AVAILABLE DATA>
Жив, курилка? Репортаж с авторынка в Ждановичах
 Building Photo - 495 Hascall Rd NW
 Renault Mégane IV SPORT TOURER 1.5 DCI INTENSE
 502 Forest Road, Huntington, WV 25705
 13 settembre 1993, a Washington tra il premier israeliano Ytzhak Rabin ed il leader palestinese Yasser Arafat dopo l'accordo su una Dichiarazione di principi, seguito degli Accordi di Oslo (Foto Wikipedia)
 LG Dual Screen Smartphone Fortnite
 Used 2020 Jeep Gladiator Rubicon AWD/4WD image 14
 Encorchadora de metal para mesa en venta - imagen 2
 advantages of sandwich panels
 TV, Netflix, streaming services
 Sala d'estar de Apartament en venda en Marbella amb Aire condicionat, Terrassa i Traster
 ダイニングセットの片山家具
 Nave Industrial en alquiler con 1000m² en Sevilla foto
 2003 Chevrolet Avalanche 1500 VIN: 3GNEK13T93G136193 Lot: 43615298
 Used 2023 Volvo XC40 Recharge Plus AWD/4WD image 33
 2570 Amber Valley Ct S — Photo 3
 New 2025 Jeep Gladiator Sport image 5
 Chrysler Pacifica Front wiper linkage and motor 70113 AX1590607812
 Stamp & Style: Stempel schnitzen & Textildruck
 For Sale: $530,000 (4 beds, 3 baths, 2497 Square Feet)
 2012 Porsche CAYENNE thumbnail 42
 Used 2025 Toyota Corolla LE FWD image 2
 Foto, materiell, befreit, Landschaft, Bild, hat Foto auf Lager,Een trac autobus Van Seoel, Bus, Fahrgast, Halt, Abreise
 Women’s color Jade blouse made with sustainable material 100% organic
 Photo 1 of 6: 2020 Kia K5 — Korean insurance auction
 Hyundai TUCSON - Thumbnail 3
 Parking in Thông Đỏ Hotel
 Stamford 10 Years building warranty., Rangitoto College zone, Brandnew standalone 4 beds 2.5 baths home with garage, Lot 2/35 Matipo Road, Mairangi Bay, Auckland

HOW TO COMPLETE THIS TASK>
Reproduce every line above that contains the string "Road".

EXERCISE RESPONSE>
 502 Forest Road, Huntington, WV 25705
 Stamford 10 Years building warranty., Rangitoto College zone, Brandnew standalone 4 beds 2.5 baths home with garage, Lot 2/35 Matipo Road, Mairangi Bay, Auckland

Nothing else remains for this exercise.